CIBC Analysts Forecast Widening Heavy Oil Discount for 2026
CIBC Predicts Heavier Oil Price Discount This Year

Analysts from the Canadian Imperial Bank of Commerce (CIBC) are forecasting a challenging year ahead for producers of heavy crude oil. The bank's experts anticipate that the price discount for Canada's heavy oil benchmark, Western Canadian Select (WCS), will widen compared to lighter North American benchmarks in 2026.

Market Pressures and Analyst Projections

The prediction, issued on January 13, 2026, points to ongoing market dynamics that continue to pressure Canadian heavy crude. This type of oil, primarily extracted from the oil sands in Alberta, is thicker and more costly to refine than lighter grades. The price difference, or discount, reflects these additional processing costs and transportation constraints.

CIBC's analysis suggests that despite various efforts to improve market access, the fundamental factors weighing on heavy oil prices will persist through the year. This outlook is significant for the many Canadian energy companies whose profitability is directly tied to the spread between WCS and benchmarks like West Texas Intermediate (WTI).

Implications for Canada's Energy Sector

A wider discount translates into lower realized prices for oil sands producers, squeezing cash flows and potentially impacting investment decisions and government royalties. The energy sector is a cornerstone of the Canadian economy, particularly in provinces like Alberta, making these price forecasts a critical economic indicator.

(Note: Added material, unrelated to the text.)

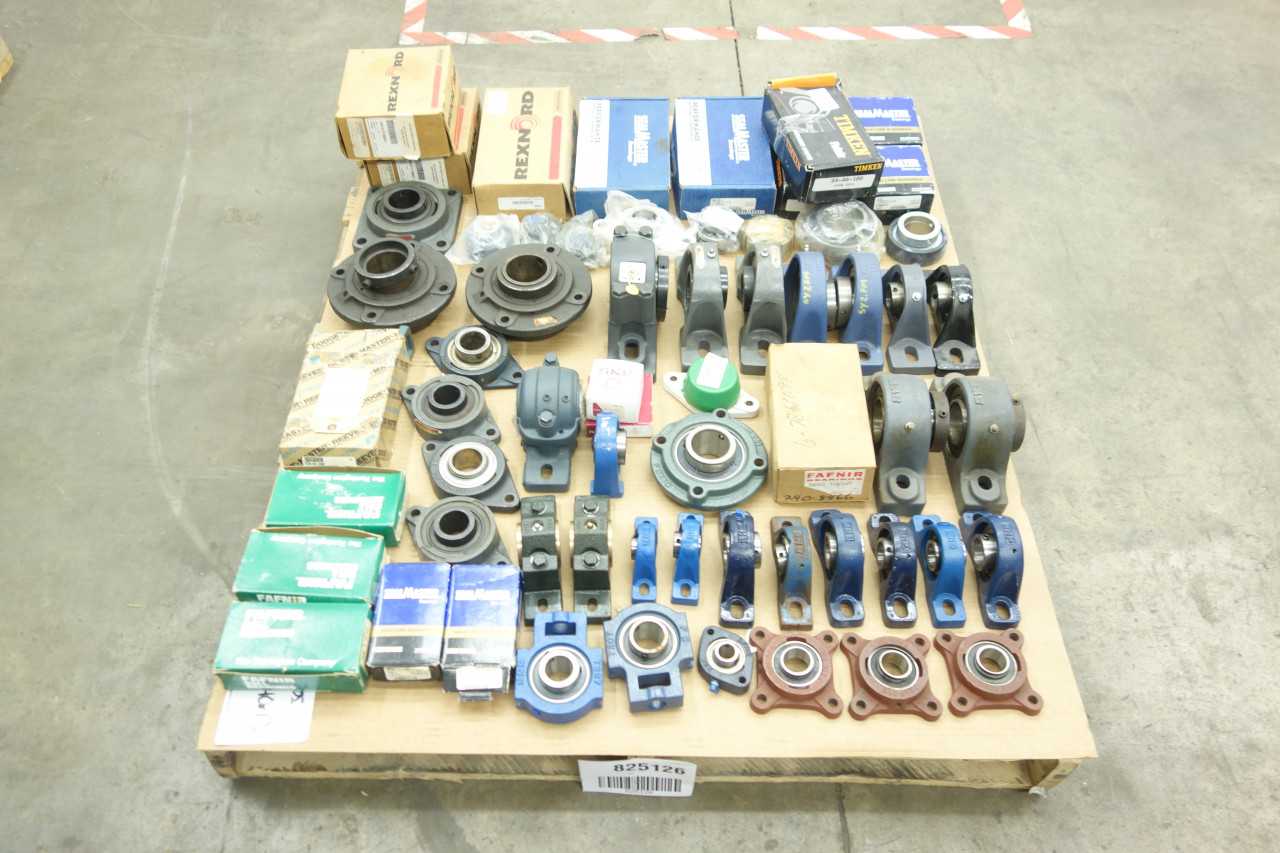 PALLET OF ASSORTED FLANGE, PILLOW BLOCK BEARINGS - BEARINGS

The analysts' report does not exist in a vacuum. It follows years of volatility in the differential, influenced by pipeline capacity limits, refinery demand, and global oil market fluctuations. The forecast for a wider gap in 2026 indicates that CIBC believes these constraining factors will outweigh any new mitigating developments in the near term.

Broader Economic Context

This financial analysis arrives amidst other major business news in Canada. On the same day, reports highlighted that Algoma Steel expects significant fourth-quarter losses between $95 million and $105 million. Furthermore, in the financial services sector, CI Financial is expanding its Canadian footprint through the acquisition of Invesco's $26 billion in assets.

The CIBC forecast serves as a reminder of the persistent challenges within the Canadian energy landscape. While the sector has shown resilience, price differentials remain a key variable for its financial health and competitiveness on the global stage.